■ Task
Every line in the listing below from the one with "Magnetic 3 in" through the one with "Einhell Compresseur à" is to be reproduced exactly, both ends included; leave out the rest.

■ Records supplied
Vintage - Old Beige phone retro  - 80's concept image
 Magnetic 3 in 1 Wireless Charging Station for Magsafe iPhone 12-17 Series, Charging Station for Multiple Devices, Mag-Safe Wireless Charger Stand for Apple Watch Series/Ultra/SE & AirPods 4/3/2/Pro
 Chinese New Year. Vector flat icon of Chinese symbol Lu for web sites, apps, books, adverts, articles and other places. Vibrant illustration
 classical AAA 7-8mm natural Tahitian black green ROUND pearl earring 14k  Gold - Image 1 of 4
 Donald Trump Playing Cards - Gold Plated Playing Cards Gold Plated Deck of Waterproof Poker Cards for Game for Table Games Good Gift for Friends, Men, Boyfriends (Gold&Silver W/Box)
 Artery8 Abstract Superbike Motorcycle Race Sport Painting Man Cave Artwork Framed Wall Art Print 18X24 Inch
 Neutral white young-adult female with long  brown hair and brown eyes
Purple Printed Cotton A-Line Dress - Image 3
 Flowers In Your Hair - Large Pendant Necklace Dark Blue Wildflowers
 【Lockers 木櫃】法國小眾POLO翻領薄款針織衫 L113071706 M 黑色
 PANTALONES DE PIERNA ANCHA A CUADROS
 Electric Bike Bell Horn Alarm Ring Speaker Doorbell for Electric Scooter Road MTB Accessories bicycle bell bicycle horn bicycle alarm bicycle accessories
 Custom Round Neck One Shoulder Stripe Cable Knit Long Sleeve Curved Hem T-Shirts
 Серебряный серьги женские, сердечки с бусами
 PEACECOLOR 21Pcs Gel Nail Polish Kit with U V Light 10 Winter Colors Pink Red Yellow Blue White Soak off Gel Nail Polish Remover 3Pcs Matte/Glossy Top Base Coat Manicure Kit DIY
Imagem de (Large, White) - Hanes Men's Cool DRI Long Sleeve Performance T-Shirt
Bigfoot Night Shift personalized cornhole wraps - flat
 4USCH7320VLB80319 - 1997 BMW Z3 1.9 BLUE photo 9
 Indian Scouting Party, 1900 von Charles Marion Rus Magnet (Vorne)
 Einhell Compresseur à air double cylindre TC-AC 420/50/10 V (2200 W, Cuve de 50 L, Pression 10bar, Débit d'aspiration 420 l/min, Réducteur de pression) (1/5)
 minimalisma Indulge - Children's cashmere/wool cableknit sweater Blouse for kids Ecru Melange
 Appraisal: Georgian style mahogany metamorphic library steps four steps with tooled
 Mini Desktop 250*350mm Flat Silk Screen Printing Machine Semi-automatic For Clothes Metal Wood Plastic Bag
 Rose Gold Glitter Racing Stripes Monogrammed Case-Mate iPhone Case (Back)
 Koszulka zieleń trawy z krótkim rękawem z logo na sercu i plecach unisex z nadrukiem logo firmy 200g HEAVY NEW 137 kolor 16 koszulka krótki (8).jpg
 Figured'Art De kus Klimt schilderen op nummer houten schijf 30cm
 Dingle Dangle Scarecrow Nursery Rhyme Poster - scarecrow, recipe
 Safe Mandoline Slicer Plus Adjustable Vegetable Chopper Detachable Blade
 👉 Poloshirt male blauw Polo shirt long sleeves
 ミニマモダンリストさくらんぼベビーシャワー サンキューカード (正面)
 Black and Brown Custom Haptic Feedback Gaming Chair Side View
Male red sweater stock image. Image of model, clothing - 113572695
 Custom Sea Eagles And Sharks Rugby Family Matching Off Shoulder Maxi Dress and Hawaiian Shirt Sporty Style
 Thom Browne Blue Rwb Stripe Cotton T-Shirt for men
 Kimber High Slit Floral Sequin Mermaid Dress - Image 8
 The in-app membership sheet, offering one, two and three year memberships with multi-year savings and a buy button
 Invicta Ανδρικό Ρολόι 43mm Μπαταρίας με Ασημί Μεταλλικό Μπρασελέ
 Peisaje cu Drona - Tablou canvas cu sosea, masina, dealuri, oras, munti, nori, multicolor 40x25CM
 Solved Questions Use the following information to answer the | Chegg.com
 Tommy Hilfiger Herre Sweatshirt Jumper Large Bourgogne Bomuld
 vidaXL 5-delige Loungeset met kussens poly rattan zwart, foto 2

■ Answer
 Magnetic 3 in 1 Wireless Charging Station for Magsafe iPhone 12-17 Series, Charging Station for Multiple Devices, Mag-Safe Wireless Charger Stand for Apple Watch Series/Ultra/SE & AirPods 4/3/2/Pro
 Chinese New Year. Vector flat icon of Chinese symbol Lu for web sites, apps, books, adverts, articles and other places. Vibrant illustration
 classical AAA 7-8mm natural Tahitian black green ROUND pearl earring 14k  Gold - Image 1 of 4
 Donald Trump Playing Cards - Gold Plated Playing Cards Gold Plated Deck of Waterproof Poker Cards for Game for Table Games Good Gift for Friends, Men, Boyfriends (Gold&Silver W/Box)
 Artery8 Abstract Superbike Motorcycle Race Sport Painting Man Cave Artwork Framed Wall Art Print 18X24 Inch
 Neutral white young-adult female with long  brown hair and brown eyes
Purple Printed Cotton A-Line Dress - Image 3
 Flowers In Your Hair - Large Pendant Necklace Dark Blue Wildflowers
 【Lockers 木櫃】法國小眾POLO翻領薄款針織衫 L113071706 M 黑色
 PANTALONES DE PIERNA ANCHA A CUADROS
 Electric Bike Bell Horn Alarm Ring Speaker Doorbell for Electric Scooter Road MTB Accessories bicycle bell bicycle horn bicycle alarm bicycle accessories
 Custom Round Neck One Shoulder Stripe Cable Knit Long Sleeve Curved Hem T-Shirts
 Серебряный серьги женские, сердечки с бусами
 PEACECOLOR 21Pcs Gel Nail Polish Kit with U V Light 10 Winter Colors Pink Red Yellow Blue White Soak off Gel Nail Polish Remover 3Pcs Matte/Glossy Top Base Coat Manicure Kit DIY
Imagem de (Large, White) - Hanes Men's Cool DRI Long Sleeve Performance T-Shirt
Bigfoot Night Shift personalized cornhole wraps - flat
 4USCH7320VLB80319 - 1997 BMW Z3 1.9 BLUE photo 9
 Indian Scouting Party, 1900 von Charles Marion Rus Magnet (Vorne)
 Einhell Compresseur à air double cylindre TC-AC 420/50/10 V (2200 W, Cuve de 50 L, Pression 10bar, Débit d'aspiration 420 l/min, Réducteur de pression) (1/5)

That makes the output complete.